(Stored items from a collection)
'''

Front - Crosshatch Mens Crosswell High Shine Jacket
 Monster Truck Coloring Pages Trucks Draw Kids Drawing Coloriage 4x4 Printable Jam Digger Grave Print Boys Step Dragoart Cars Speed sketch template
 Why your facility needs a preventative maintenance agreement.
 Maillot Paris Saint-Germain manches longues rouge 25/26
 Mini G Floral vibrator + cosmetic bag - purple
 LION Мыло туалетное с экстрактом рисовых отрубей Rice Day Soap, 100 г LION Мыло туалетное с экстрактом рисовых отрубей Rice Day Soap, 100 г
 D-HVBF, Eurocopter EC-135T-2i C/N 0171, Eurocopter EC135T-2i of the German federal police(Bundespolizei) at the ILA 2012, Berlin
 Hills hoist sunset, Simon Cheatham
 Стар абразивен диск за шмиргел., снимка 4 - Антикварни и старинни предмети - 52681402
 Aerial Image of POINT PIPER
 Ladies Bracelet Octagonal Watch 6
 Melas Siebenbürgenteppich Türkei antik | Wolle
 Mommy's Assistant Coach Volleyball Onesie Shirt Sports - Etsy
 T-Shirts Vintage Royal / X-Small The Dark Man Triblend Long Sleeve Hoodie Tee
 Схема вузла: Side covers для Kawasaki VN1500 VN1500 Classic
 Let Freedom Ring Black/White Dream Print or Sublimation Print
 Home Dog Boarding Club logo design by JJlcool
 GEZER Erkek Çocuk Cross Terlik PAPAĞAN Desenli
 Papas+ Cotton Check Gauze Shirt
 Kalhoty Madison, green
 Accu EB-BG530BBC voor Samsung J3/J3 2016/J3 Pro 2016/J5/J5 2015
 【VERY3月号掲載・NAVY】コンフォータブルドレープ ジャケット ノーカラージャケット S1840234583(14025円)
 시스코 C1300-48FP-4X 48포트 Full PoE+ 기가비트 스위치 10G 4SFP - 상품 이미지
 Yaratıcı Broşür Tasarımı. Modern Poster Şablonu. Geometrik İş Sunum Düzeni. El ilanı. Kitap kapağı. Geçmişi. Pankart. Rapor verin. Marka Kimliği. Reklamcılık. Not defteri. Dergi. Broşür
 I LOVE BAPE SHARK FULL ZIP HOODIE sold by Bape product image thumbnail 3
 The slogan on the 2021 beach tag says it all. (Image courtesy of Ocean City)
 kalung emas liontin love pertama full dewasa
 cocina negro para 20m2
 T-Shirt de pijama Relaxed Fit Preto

'''

Copy each line of the records that contains the word "Print".

*Answer for the task*.
 Monster Truck Coloring Pages Trucks Draw Kids Drawing Coloriage 4x4 Printable Jam Digger Grave Print Boys Step Dragoart Cars Speed sketch template
 Let Freedom Ring Black/White Dream Print or Sublimation Print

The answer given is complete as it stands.